Le plus sérieux est celui découvert au mois de juillet. Une pollution examinée ce jeudi par la commission départementale de l'environnement et des risques sanitaires et technologiques. Un projet d'arrêté préfectoral a été rédigé. Celui-ci dresse une série d'obligations à la charge de l'entreprise : diagnostic des sols, dispositions pour la résorption de la pollution, prélèvements obligatoires ainsi qu'un diagnostic approfondi du site. L'arrêté devrait être pris début octobre. La direction de Toyal n'a pas l'intention de contester les prescriptions dans la période de quinze jours qui lui est accordée. La pollution du 5 septembre quant à elle a fait l'objet d'un arrêté préfectoral d'urgence pour le nettoyage du site.
Double impact
Yves Boulaigue, responsable de la DRIRE 64, souligne un « taux d'incident anormal sur l'année 2006 ». Il préconise une modernisation totale du site. Quant à l'impact environnemental, il n'est pas négligeable. Malgré cela, les prélèvements récemment effectués sur les gaves de Lescun et d' Aspe n'ont pas révélé de dangers particuliers pour l'homme.

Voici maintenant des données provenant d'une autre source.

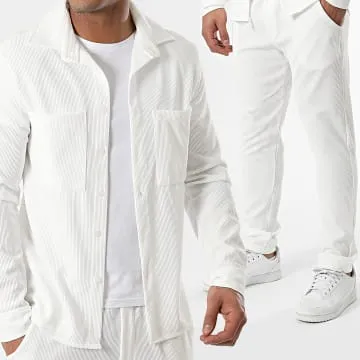 Set di maglietta bianca e pantaloni da jogging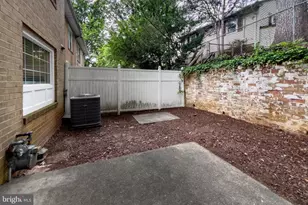 4727 Exeter St, Annandale, VA 22003 - Photo 31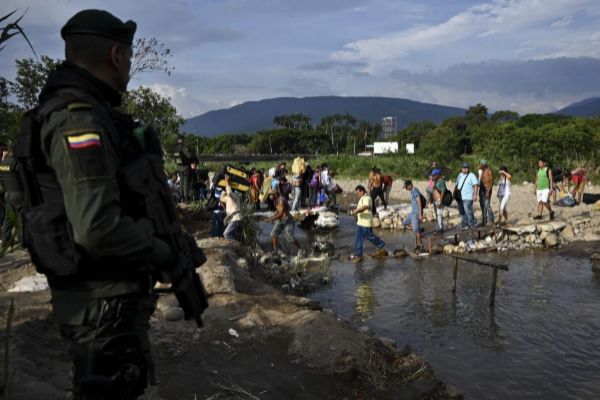 Venezolanos traspasando la frontera con Colombia.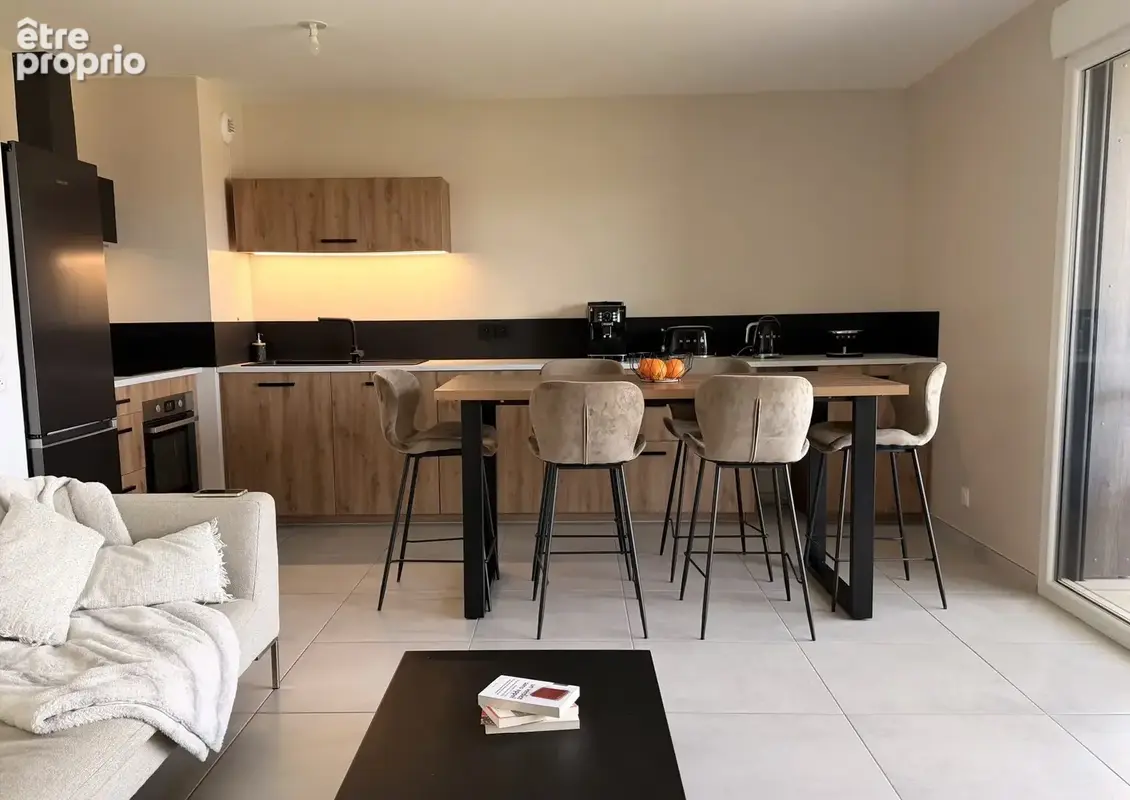 Appartement 65 m² à Cuvat  - photo 2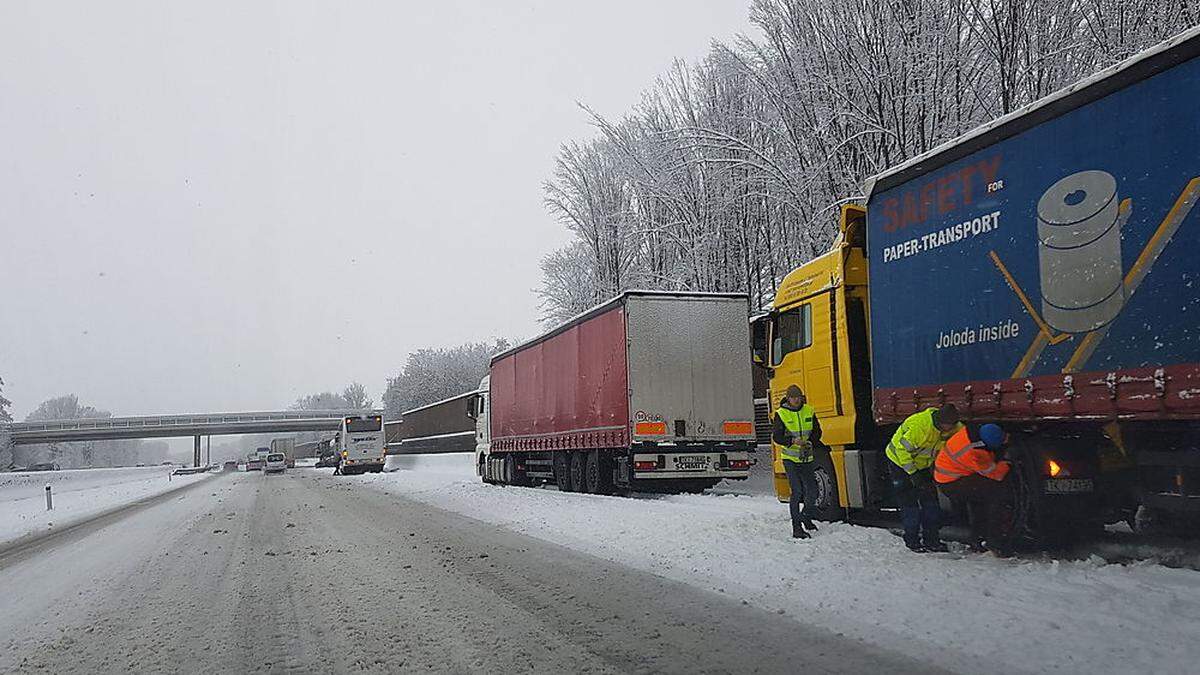 Auf der Südautobahn zwischen Lieboch und Mooskirchen ist die erste Fahrspur zum Kettenanlegen für Lkw gesperrt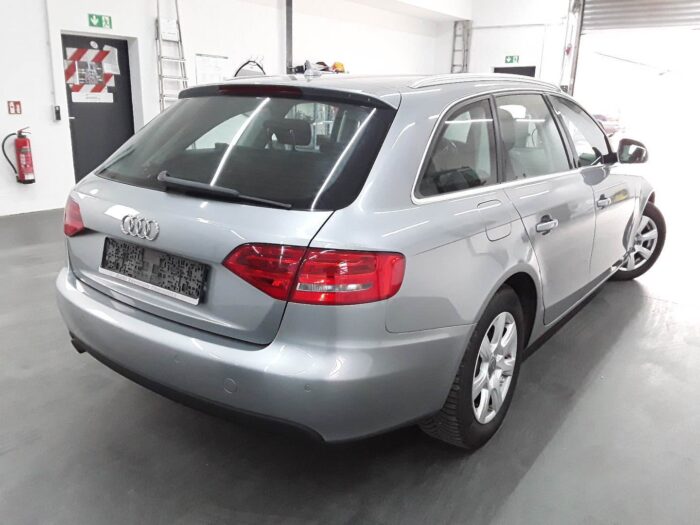 Audi A4 Avant 2,0 TDI "Ambiente" - Image 37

Hervé Lelièvre, président de Toyal Europe, explique : « Quinze ans que ça n'était pas arrivé et là les incidents se multiplient. L'année dernière nous avons débloqué 2,5 millions d'euros pour la protection de l'environnement. Cela prouve que le risque industriel quoiqu'on fasse sera toujours présent. Il faut s'efforcer de le minimiser. » Soit un argument supplémentaire pour l'entreprise japonaise de ne pas s'étendre en vallée d'Aspe en brandissant la carte environnementale.
Ces pollutions à répétition pourraient bien venir semer davantage le trouble dans le projet d'extension. Celui-ci en est toujours aux phases d'études techniques. L'Etat devait faire une proposition financière à Toyal à la fin juillet. « Nous, sommes fin septembre et j'attends toujours », affirme Hervé Lelièvre.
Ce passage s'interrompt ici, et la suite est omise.